Wednesday: 18 July, 2012 –– 15th Week in Ordinary Time
Isaiah 10:5–7, 13b–16 / Matthew 11:25–27
Seeing God At Work
God is at work in our world all the time. It is a gift of faith to be able to recognize this. Not everyone has faith, and embryonic faith needs to be nurtured beyond a basic belief in “God.”
Scripture gives us stories of God at work. Here we can see details chronicled by people whose relationships with God withstood the test of time. But when we read the details, we find that God’s ways are not easy to understand. God says exactly this in another part of Isaiah’s prophecies –– that his thoughts and ways are above ours.

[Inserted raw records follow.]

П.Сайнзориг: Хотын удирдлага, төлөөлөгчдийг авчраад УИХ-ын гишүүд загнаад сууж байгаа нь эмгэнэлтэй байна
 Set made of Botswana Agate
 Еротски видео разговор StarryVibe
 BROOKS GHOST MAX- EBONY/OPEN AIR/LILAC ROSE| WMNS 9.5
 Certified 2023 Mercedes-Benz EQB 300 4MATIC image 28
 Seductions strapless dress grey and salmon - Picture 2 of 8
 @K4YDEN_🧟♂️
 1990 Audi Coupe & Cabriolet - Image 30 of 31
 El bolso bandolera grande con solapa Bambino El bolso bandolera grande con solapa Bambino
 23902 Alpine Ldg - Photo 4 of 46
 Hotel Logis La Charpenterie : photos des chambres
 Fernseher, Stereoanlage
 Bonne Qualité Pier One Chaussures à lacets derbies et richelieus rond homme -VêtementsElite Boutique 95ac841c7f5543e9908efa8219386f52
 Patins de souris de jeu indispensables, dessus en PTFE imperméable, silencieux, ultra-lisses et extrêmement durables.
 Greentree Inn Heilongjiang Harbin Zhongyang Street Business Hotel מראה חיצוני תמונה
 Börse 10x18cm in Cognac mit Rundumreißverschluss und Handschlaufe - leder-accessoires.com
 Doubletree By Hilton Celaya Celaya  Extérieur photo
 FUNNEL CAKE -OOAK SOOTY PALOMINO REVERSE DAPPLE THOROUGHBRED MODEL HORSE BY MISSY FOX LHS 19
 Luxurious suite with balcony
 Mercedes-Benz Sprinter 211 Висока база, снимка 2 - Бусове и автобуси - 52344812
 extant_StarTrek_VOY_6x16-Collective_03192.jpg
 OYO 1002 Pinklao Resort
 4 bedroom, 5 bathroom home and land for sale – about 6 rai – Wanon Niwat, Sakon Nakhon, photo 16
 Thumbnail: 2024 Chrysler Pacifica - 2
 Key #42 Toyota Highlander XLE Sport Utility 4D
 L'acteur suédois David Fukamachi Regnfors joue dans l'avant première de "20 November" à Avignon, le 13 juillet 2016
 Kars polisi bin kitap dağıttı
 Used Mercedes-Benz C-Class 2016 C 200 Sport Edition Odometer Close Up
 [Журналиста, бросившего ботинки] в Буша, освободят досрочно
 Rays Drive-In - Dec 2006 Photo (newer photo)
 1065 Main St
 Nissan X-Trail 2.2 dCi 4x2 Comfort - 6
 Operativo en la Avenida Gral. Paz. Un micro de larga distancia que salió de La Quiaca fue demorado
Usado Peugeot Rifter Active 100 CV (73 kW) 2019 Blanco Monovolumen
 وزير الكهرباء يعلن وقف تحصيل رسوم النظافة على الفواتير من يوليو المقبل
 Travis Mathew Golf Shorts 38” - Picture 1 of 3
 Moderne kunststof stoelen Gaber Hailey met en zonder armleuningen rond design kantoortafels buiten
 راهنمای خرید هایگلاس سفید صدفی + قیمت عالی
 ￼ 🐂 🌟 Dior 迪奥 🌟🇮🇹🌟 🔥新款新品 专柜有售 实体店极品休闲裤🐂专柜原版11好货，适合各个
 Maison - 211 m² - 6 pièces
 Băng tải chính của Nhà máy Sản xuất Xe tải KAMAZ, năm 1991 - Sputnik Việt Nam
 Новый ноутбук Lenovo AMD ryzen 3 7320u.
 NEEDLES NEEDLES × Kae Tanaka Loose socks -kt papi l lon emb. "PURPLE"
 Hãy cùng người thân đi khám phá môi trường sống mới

There are hard things in God-stories. In today’s Isaiah passage we are told that God is using Assyria –– a pagan and profane empire –– to chastise Israel. The pagans think they are acting on their own power, and God promises to straighten out their thinking on that later. But in the meantime, God is going to allow Assyria to do some hard and awful things to Israel.
This seems to be in conflict with a more narrow understanding of God at work: God is at work in our world all the time for our good. Why, then, the hard things? It is important here to focus on the word “good.” It is human nature for us to want to define “good” according to our own measure. We think something is good if it is pleasant, comfortable or convenient. We are short-sighted. We too quickly focus on the things that affect us immediately.
God is working for our good beyond right now –– even beyond this world as we now know it. Another way to say that “God is at work all the time for our good” is to say “God is at work all the time for our salvation.” This is our greatest good.
If God needs to work through hard things to break our sense of self-sufficiency and our stubbornness in choosing our own way, then that is a good thing to do. When God lets us see or even taste a bit of the effect of rebellion (i.e., the repercussions of sin), then that is a saving thing to do.
In Jesus Christ, we see the working of God (and his full character) compressed into a single human life. In the teachings and examples of Jesus we see perfect goodness. In Jesus’ death on the cross we see the repercussion of our self-will and and rebellion. Jesus gives us the context to understand all the other God-stories. In Jesus Christ we see God at work in our world for our salvation.
In today’s Gospel, Jesus himself rejoiced in prayer to the Father, exclaiming that it is faith that lets a person see these things. God is at work in our world all the time.... for our good.... for our salvation. The Father sent the Son. The Son shows us the Father. It is the gift of faith that enables us to “see.” If you can see, be thankful. If you can see, show it in the way you live.